** DATASET EXTRACT follows **

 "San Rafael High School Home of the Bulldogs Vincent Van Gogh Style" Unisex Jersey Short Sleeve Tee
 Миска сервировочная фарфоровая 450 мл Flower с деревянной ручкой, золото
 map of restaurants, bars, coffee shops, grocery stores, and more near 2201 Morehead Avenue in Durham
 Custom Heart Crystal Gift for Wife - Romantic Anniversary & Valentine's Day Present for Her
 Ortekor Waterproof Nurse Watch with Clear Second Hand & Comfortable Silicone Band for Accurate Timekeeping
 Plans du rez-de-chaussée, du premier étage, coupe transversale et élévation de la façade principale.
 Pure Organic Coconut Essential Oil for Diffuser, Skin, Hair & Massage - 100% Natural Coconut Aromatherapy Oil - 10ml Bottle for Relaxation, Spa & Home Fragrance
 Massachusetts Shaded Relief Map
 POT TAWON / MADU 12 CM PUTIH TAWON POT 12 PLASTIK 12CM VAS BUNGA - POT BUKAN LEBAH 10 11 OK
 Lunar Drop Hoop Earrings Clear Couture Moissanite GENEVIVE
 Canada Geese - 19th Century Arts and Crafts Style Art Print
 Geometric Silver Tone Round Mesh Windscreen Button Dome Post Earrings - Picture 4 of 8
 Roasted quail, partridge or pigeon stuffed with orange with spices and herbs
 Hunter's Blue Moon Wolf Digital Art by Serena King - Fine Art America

** End of DATASET EXTRACT **

▶ **ASSIGNMENT**:
Would you please copy every line from the listing above that contains the word "with"?

▶ **RESPONSE AREA**:
 Ortekor Waterproof Nurse Watch with Clear Second Hand & Comfortable Silicone Band for Accurate Timekeeping
 Roasted quail, partridge or pigeon stuffed with orange with spices and herbs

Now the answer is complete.